Sem ter para onde se deslocar, os beduínos vivem na condição de refugiados dentro de Israel, assim como os palestinos que tiveram suas casas e vilas destruídas em 1948, durante a Nakba. Mais de 500 vilas palestinas foram destruídas e 700 mil pessoas expulsas, tornando-se refugiadas ou deslocadas internas. Desde a Guerra dos Seis dias, Israel já demoliu cerca de 48.488 casas palestinas, segundo dados da Israeli Committee Against House Demolitions (ICAHD), organização de direitos humanos israelense. Somente em 2016, foram 1.089 edifícios demolidos, deixando 1.593 palestinos desalojados.
Refugiados
Em alguns casos, as vilas foram demolidas e as terras expropriadas sem dar lugar a nenhum tipo de construção ou habitação.
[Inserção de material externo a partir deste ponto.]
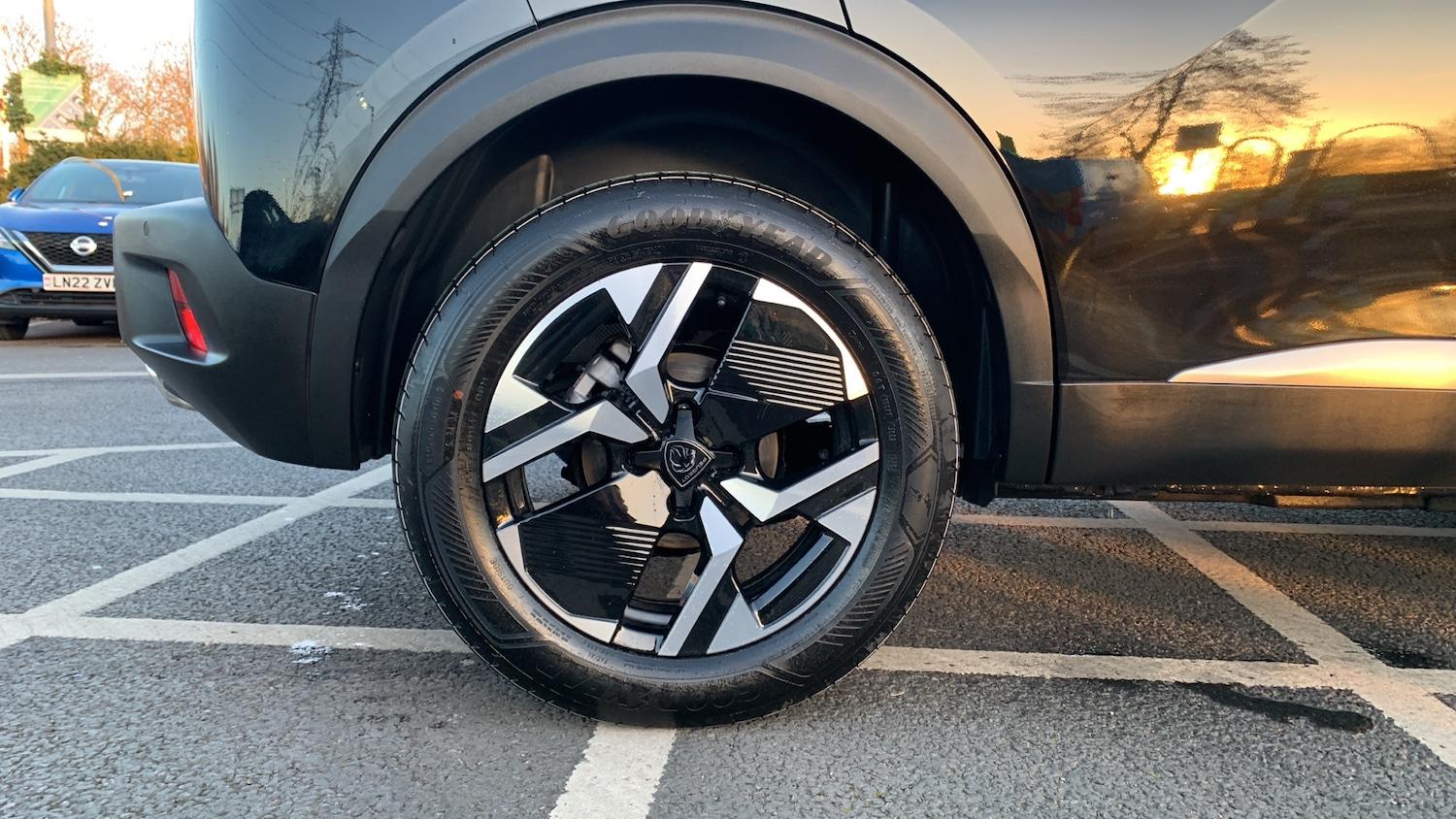 Used Peugeot 2008 2025 for sale - 77121159: Photo 17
Um exemplo são os destroços da vila de Lifta, uma das 38 vilas nas proximidades de Jerusalém que foram destruídas pelas forças armadas israelenses em 1948. Três mil habitantes foram expulsos, sendo que a maioria hoje vive em Jerusalém oriental.
Obay Odeh, descendente de refugiados de Lifta, conta que alguns parentes ainda possuem as chaves das ruínas que já foram as casas deles, um costume que se tornou símbolo da resistência palestina. “É nossa identidade, nossa cidade natal, nossos familiares ainda têm as chaves ou os documentos que provam que eram donos das casas, porque quando saíram acharam que voltariam. Isso significa muito para mim, porque diz muito sobre o que aconteceu com os palestinos durante o processo de colonização”, diz.
Lifta foi transformada em um parque natural e é utilizada pela comunidade judaica como um local para prática de caminhada, ciclismo e piquenique. Como muitos locais originalmente palestinos, Israel reconstrói a história de Lifta destacando supostas raízes judaicas.
“Eles estão tentando se conectar com essa área, fazer se tornar um local sagrado para judeus. Os sionistas sempre tentam transformar isso em um conflito religioso, como se não fosse uma ocupação ideológica. Mas não é uma história forte que contam. Todo ano a gente vem aqui de duas a quatro vezes para limpar a vila, o cemitério, pegar as frutas. Mas eles sempre queimam, destroem e nos expulsam daqui”, afirma Obay.
A questão da expulsão dos palestinos é uma das principais pautas do movimento de resistência palestina. A bandeira do "direito de retorno" dos refugiados é amplamente defendida. A Organização das Nações Unidas (ONU) considera os casos de refugiados e deslocados internos palestinos como os mais duradouros da história, apesar da Resolução 194 da Assembleia Geral de 1948 ter registrado o direito dos refugiados retornarem para casa. “Nós acreditamos que é nosso direito voltar para cá, não importa como”, reitera Obay.
Os dados da Agência das Nações Unidas de Assistência aos Refugiados da Palestina (UNRWA) apontam que, no final de 2014, o número de refugiados palestinos havia chegado a 7,98 milhões, sendo 6,14 milhões refugiados de 1948 e descendentes; pelo menos 1 milhão de refugiados de 1967; e 720 mil deslocados internos em Israel e na Cisjordânia.